The NeuroFuzzy Module can also be used to optimize existing fuzzy logic systems. Starting with an existing system, the NeuroFuzzy Module interactively tunes rule weights and membership function definitions such that the system converges to the behavior represented by the data sets. The optimization process allows specified rules and membership functions to be locked or opened for learning. The entire learning process is visualized, and any fuzzy logic system generated by the NeuroFuzzy module can be further optimized and verified manually. You find more information in the NeuroFuzzy Module section.

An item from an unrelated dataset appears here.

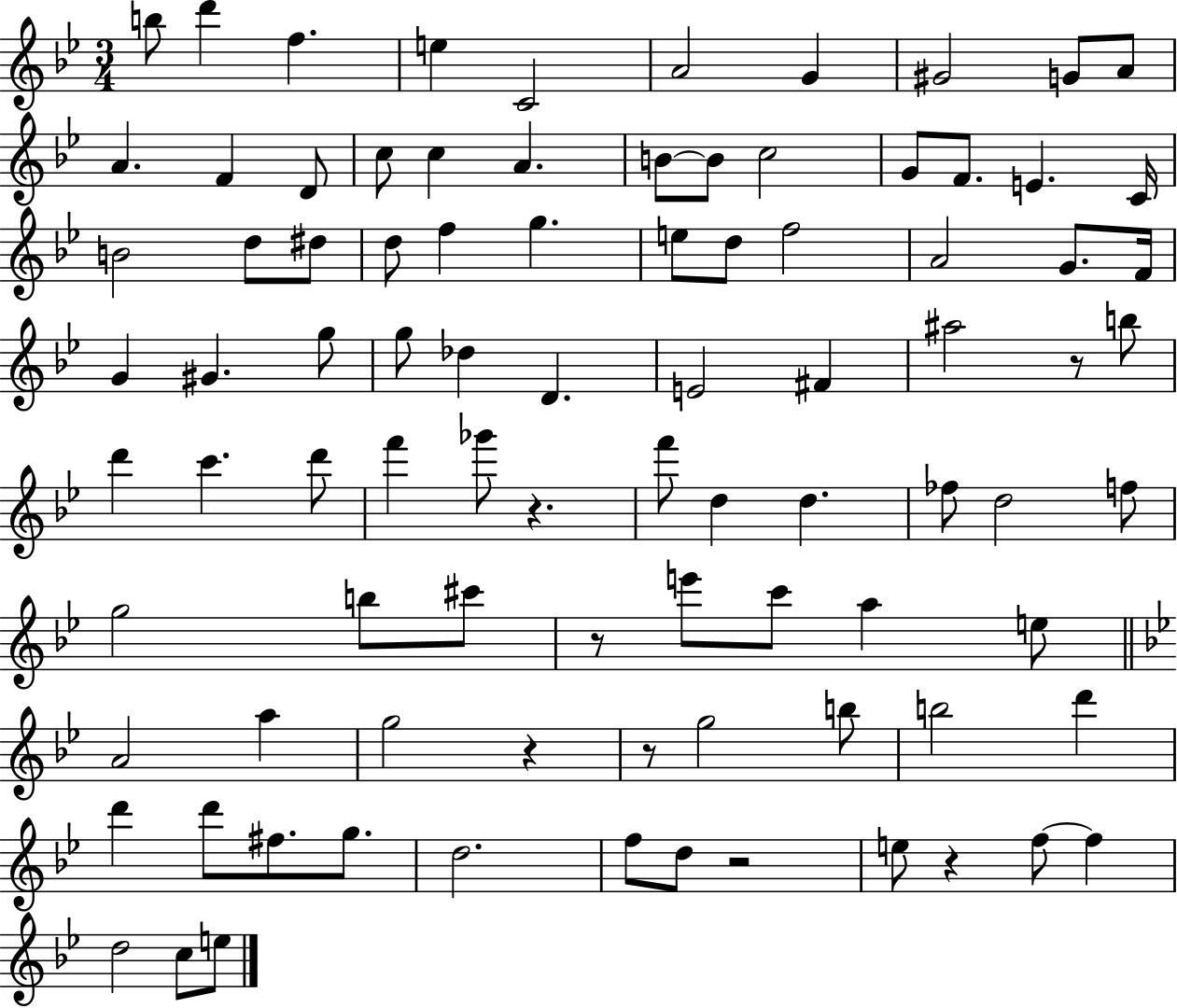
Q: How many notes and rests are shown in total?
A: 90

Advanced Fuzzy Technologies

In addition to the common methods of fuzzy logic, there are various expanded fuzzy technologies which have proven to be very useful. Most fuzzyTECH products support such Advanced Fuzzy Technologies:

- Support of normalized rule sets
If you have complex applications, you can easily cause confusing rules using different operators, a chaos of parentheses and complicated "if-then-else" statements. Such constructs destroy the actual advantages of fuzzy logic systems, like clarity and easy expansion. fuzzyTECH uses a different approach by providing normalized rule sets and graphical structure editors. Even the most complex compositions, which must be handled within the rule syntax by other fuzzy logic tools, can be easily developed graphically with fuzzyTECH. Applying normalized rule sets has the additional advantage that the rules can be transformed automatically and developed easily in matrix form, which is often more readable than text or table form in the case of huge and complex systems.fuzzyTECH provides all three presentation forms (text, table, and matrix), while also allowing for switching between them or using them in mixed formats.

- Inference methods
Aside from the standard fuzzy inference methods (MAX-MIN, MAX-PROD), most fuzzyTECH products support the advanced Fuzzy Associative Map inference. FAM is an extension of fuzzy inference which was developed out of the combination of neural technology and fuzzy logic. It allows more accurate tuning of the rule bases according to the prerequisites, and as a result, it reduces the often necessary selection procedures of the rules. fuzzyTECH supports not only the maximum operator for result aggregation, but also the BSUM operator (Bounded-Sum). This operator also considers the so-called "support rules" which support the current firing rule.
The fuzzy inference of fuzzyTECH represents a combination of forward/backward chaining which is totally transparent for the user. fuzzyTECH automatically decides the best processing method appropriate to the current fuzzy logic system.

- Fuzzy operators
Most fuzzyTECH products provide families of generalized operators for fuzzy inference, from which you can create a desired operator through free parameterization of the available operators. There are three operator families available: Min-Max, Avg-Max, and Gamma. The Min-Max family represents a generalization of the "traditional" fuzzy operators that can also be created as a special case of Min-Max. Through broad empirical research, we now know that the Gamma families are able to represent the human characteristics of decision behavior the best. Through free parameterization you can individually modify your Gamma operators to achieve the optimum of your desired system. The Avg-Max family is an approximation of the Gamma operator family, optimized with regards to computing efficiency. Especially in cases requiring the processing of huge amounts of data in a short time, you may choose the Avg-Max operators, thereby giving up some of the higher accuracy provided by the Gamma operators.